艺术作品是往往是两股力量的交汇点,一股来自远方,一股来自我们自身和我们所处的现实社会,过去的和当下现实的混合,从中有某种新的事物并从中走了出来。从某种角度来说,人在所处的境地与他的意愿之间,在人所希望的与所谓愿望的真实实现之间,总是存在着矛盾,我经常会觉得自己身处错误之地,也从未到达向往之地,但是生命中该来的就这么来了,并不是说在错误的地方就不会产生正确的东西。作品中在混沌里生长出的仙人掌和那些美丽的花朵,意味着诞生、到达、未来,这是延续和轮回的另一种存在方式,他们存在于因果关系中,在因果关系中产生了连接,这是非常有趣的循环运动。每天有很多事物在某个角落安静的消失,那些消逝的生命中最终会生长出另一种新的生命,很多事物在生命里的存在始终超越了我们对他的认知和理解,树木上生长出蘑菇、废墟上长满野草、灰烬里盛开的花朵、也许人们无法预计,这经常也是一种惊奇,所有的语言对此进行未知性探索,或许这是一种回忆,回忆很久很久以前,当人还在海洋里时经历的东西,灵魂仿佛在缓慢地漂浮,那是一种难以叙说的神秘边境,感知那种来自遥远而无法触及的美丽,这是自然的杰作,也许并不完美,但自然本身朝向一个不为我们所知的目标,生命在自然中生长出来,然后又回归于自然,。
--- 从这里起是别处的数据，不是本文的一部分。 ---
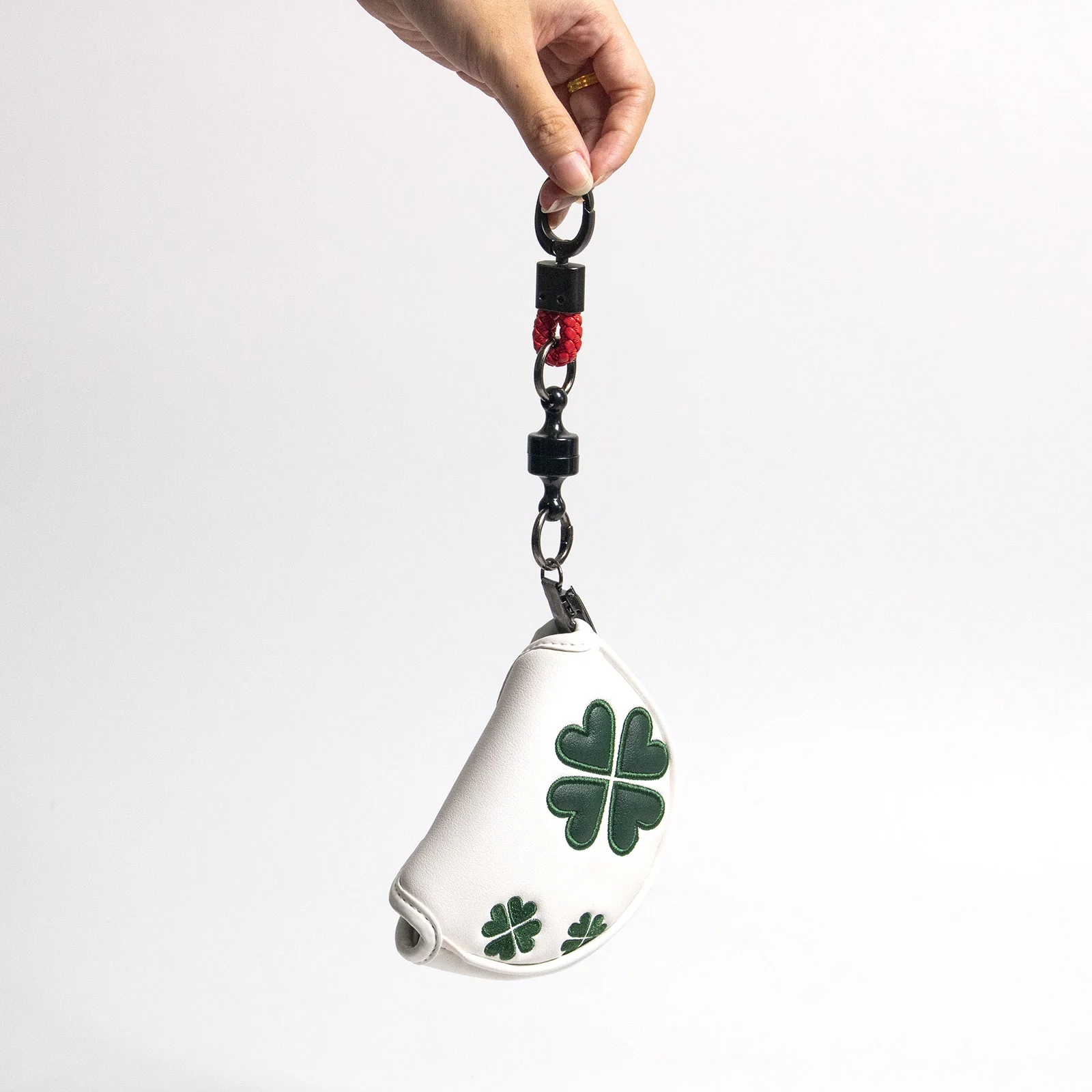 Golf Magnetic Putter Keeper Cover Clamp Holder Golf Accessory Keyring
对我来说,没有世界末日,这是人们为了安慰自己设计出来的一种想法。光总会照进那些黑暗的地方,他们会从历史的尘埃中慢慢走来,以另一种无意识的方式进而去探寻,某物越是处在无限制、不确定的境地中,它就越美丽,随着记忆的生长,作品形象会赋予某些超出自身记忆与认知而存活的东西。
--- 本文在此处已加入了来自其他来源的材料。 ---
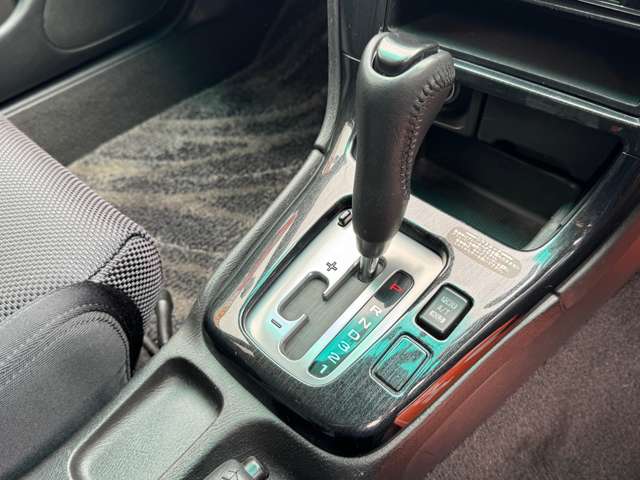 スバル レガシィツーリングワゴン ２．０ ＧＴ－Ｂリミテッド ４ＷＤ H14年 (近畿) 99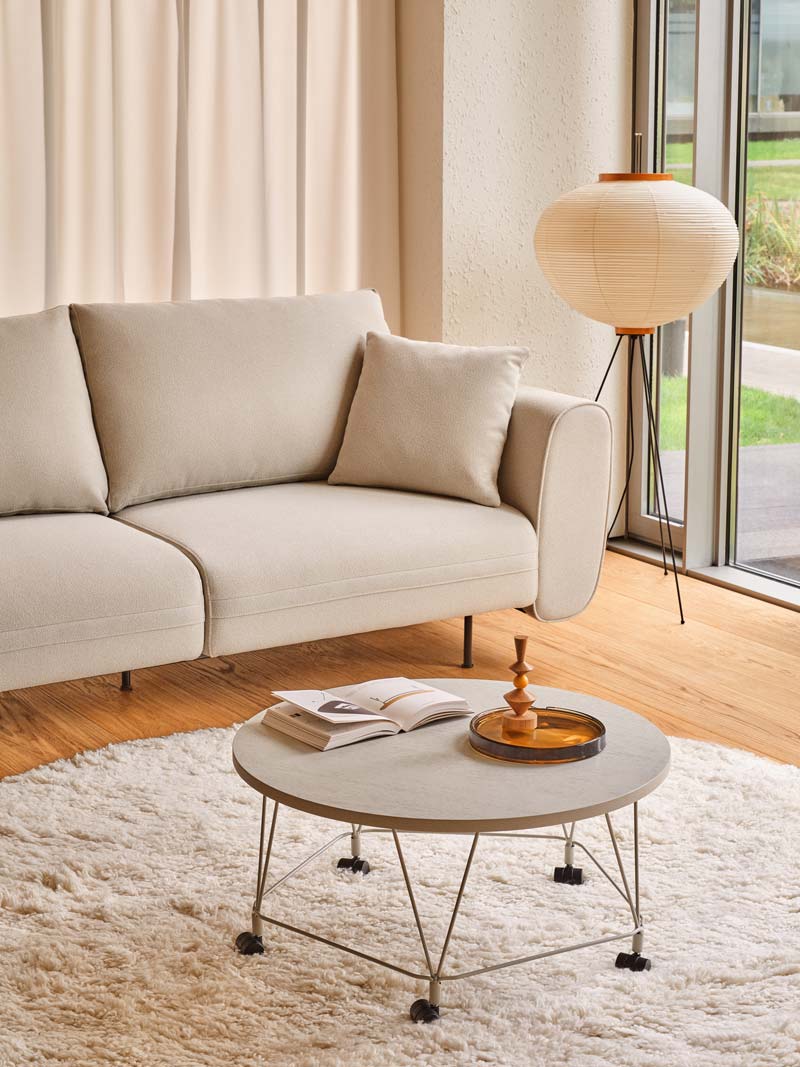 Lotus modular seating system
在照片里沙子、腐蚀生锈铁皮的出现,被火烧过的这些残存的痕迹来呈现一种非传统的视觉感官,通过这种实验性方式试图让它回到生命最初的源点,它是对现实自然世界的模仿,。制作的过程中采用和乳胶、丙烯相结合。
沙子原本属于一种充满时间感的介质,石头在自然状态下,经水的作用力长时间反复冲撞、摩擦产生,其成份较为复杂、表面有一定光滑性,被置于沙漠、大海、或被深埋在土壤底部。沙子是流动的、柔软的,也暗示着脆弱的东西,风沙来了,很多事物被覆盖隐藏,或者消失; 风沙去了,某些事物再次出现,某些新的事物重新出现,它们替代了那些消失的东西,任何事物的出现和存在都是有根据的,万物总是处于这种流变之中,小的时候,母亲总对我说,地上的尘土是永远不会清扫完的,现在单单想想这句话就让我着迷。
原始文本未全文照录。